Piling into a pub at the crack of 11am, The Hack studiously surveys the pumps and finally orders an entirely random Real Ale, declaring - not for the first time - that he can really taste the hops. Meanwhile, The Driver is still operating on British Lager Time and joins me in a fruity pint of fizzy piss. It s early August and such is the overlap of the sporting seasons that England are still embroiled in a Test Match with Pakistan. Watching it on the big screen, they are already a couple of wickets down when a familiar face strolls past the pub window. It is Howie, a CAMRA Man of some repute who stands back and to my left on The Harry McNally Terrace. Tempting him in, he joins us for a swift half of swill, and explains that he saw The Damned in Carlisle the night before, a fortuitous piece of scheduling that sees him hit the Toon in plenty of time for supping, or drinking as it s more commonly known. Mildly impressed to learn that we have flown here, he sups up and fucks off.

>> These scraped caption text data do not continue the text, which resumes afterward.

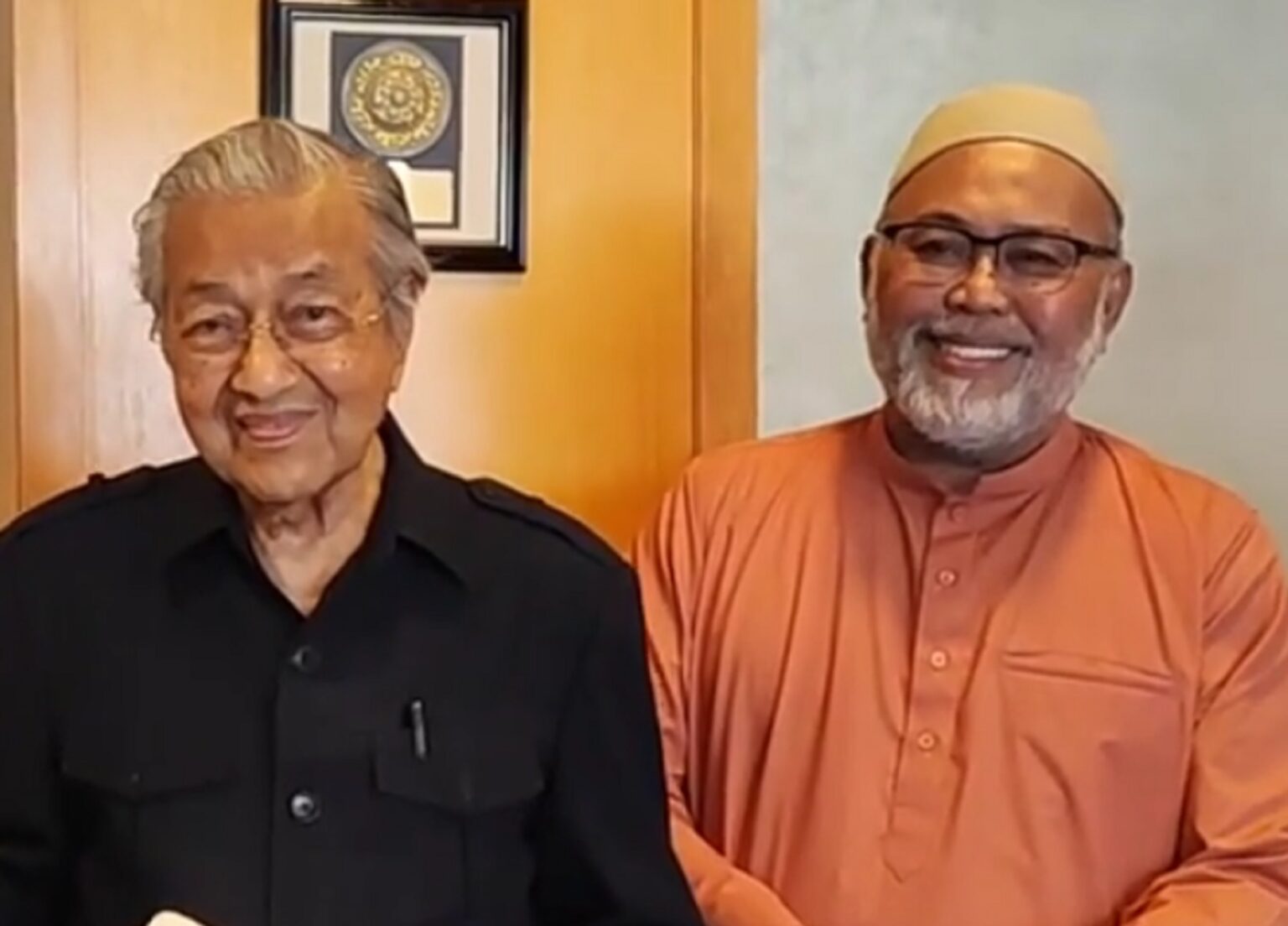 Tun Mahathir Berpengalaman Mampu Bantu Bina Negara Bangsa Mohd Zin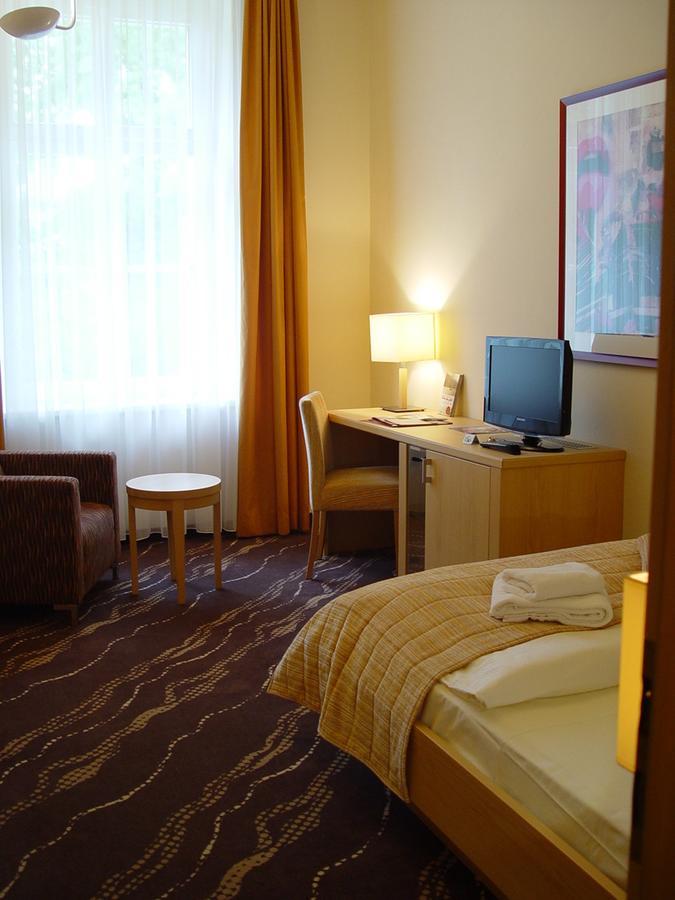 Parkhotel Bad Schandau Mit Spa Εξωτερικό φωτογραφία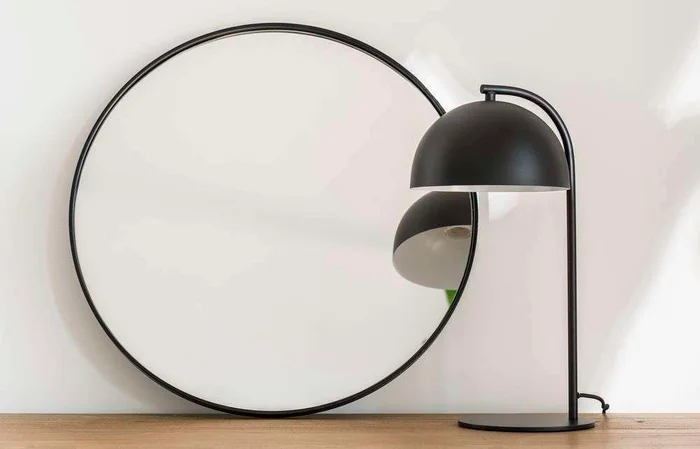 LAMPARA DE MESA CAPELINA - BLACK en Negro - Lámparas de mesa, Uruguay | La Iberica, vista 3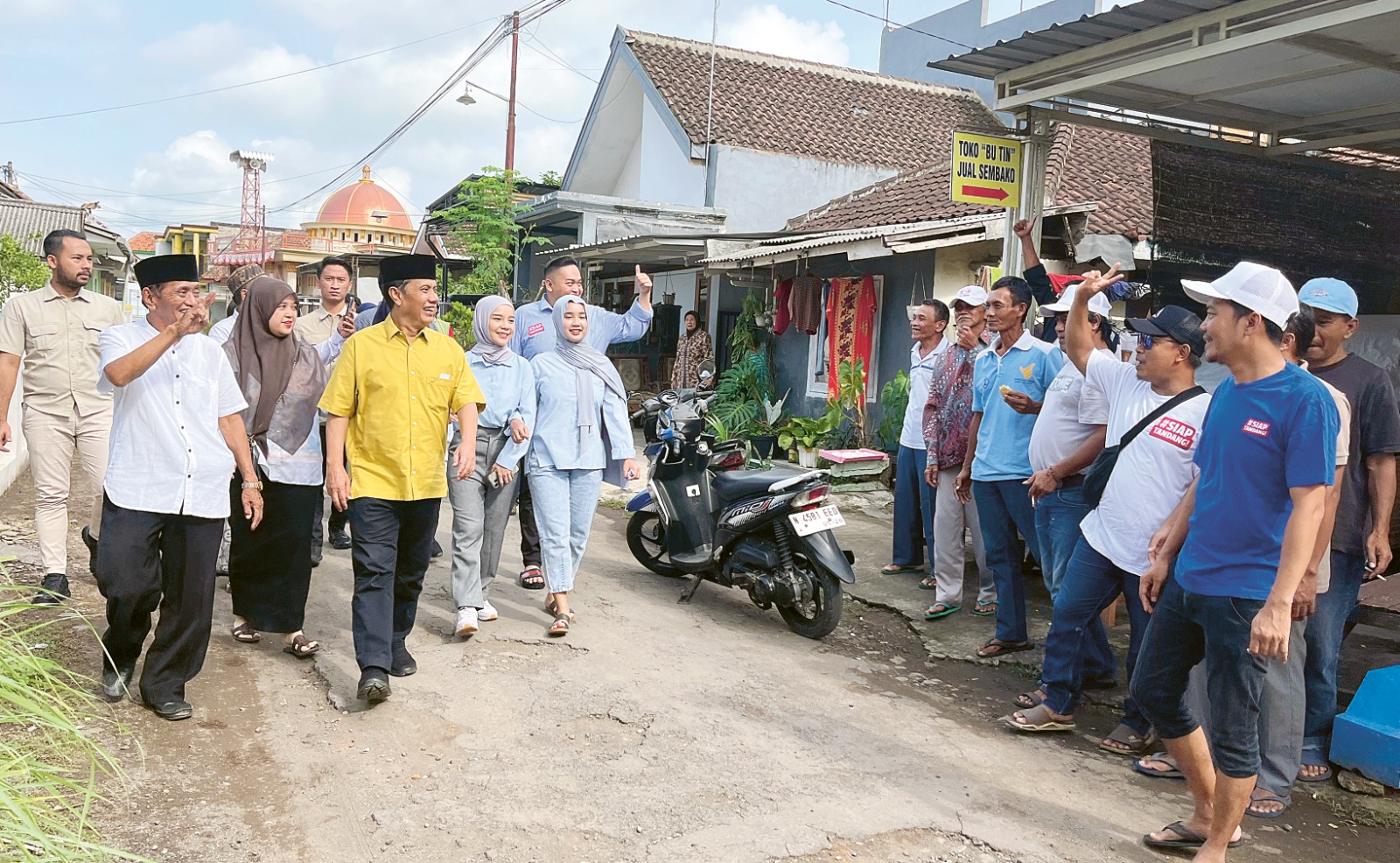 Gunawan Wibisono (berbaju kuning) berjalan menuju TPS 07 Desa Gondanglegi Wetan sambil menyapa warga. NAHDIATUL AFFANDIAH/RADAR MALANG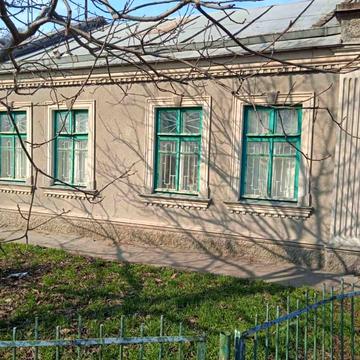 Левадна вул., 34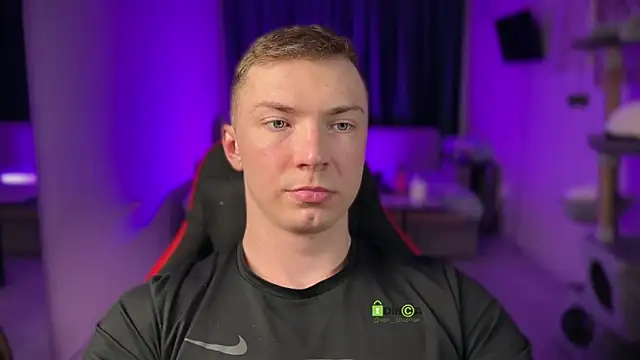 iron  chap online show from February 15, 8:49 pm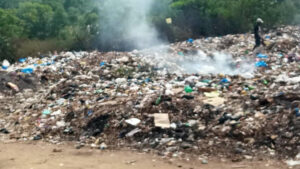 (ENQUETE) Gestion des déchets ménagers : A Comè, le droit à un environnement sain reste une chimère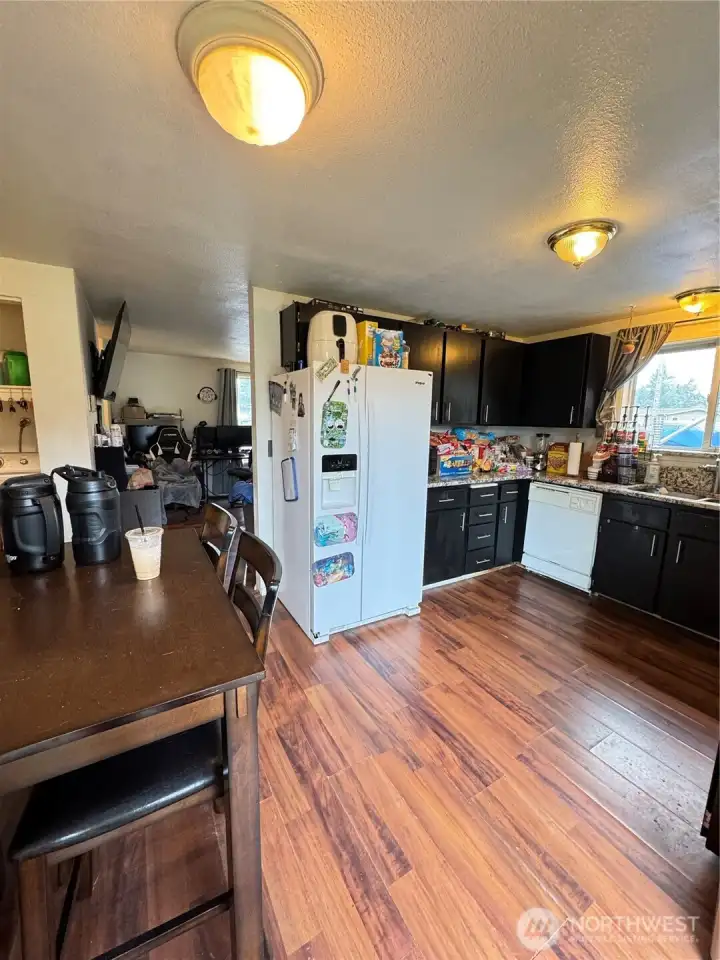 22405 Kitchen and Dining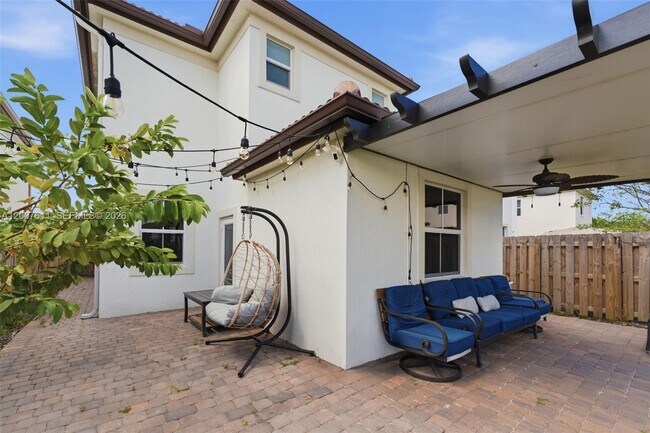 Building Photo - 2284 NW 130th St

Claiming some local knowledge due to a stint at Durham University, The Driver leads us in concentric circles until we find somewhere that serves a full English breakfast, replete with craft beer, whatever that is. Somehow, The Hack has never been to Newcastle before, and while shovelling a burger into his maw he expresses his horror at the amount of fat people in evidence, something that may be related to the astonishing number of Greggs, which has its headquarters in Newcastle. Apparently, at night they have bouncers on the doors, presumably lest a scuffle should break out over the last steak slice.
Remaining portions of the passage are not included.